§ **EXERCISE AIM**
Each line from the first down to the one containing "The Blind Girl" should be returned exactly as it appears below.

§ **THE INPUT**
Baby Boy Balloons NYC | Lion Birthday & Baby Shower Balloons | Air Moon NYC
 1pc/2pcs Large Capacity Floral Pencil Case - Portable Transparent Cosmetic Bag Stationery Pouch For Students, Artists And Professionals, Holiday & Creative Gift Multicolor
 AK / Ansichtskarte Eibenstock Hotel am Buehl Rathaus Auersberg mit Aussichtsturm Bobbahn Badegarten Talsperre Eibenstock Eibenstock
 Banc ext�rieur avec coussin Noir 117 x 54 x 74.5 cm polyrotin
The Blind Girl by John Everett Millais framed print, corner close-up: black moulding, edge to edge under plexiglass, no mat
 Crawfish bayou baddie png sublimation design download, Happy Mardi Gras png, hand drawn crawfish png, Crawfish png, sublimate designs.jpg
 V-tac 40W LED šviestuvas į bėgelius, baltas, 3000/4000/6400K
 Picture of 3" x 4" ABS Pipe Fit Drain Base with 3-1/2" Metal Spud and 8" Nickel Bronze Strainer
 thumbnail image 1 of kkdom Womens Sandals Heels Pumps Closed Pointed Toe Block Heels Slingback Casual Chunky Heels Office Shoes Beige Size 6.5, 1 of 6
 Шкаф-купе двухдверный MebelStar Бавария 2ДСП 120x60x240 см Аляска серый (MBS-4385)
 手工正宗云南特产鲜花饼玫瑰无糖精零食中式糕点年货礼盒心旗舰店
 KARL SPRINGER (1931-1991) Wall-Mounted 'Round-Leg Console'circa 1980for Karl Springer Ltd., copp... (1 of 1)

§ **WRITTEN ANSWER**
Baby Boy Balloons NYC | Lion Birthday & Baby Shower Balloons | Air Moon NYC
 1pc/2pcs Large Capacity Floral Pencil Case - Portable Transparent Cosmetic Bag Stationery Pouch For Students, Artists And Professionals, Holiday & Creative Gift Multicolor
 AK / Ansichtskarte Eibenstock Hotel am Buehl Rathaus Auersberg mit Aussichtsturm Bobbahn Badegarten Talsperre Eibenstock Eibenstock
 Banc ext�rieur avec coussin Noir 117 x 54 x 74.5 cm polyrotin
The Blind Girl by John Everett Millais framed print, corner close-up: black moulding, edge to edge under plexiglass, no mat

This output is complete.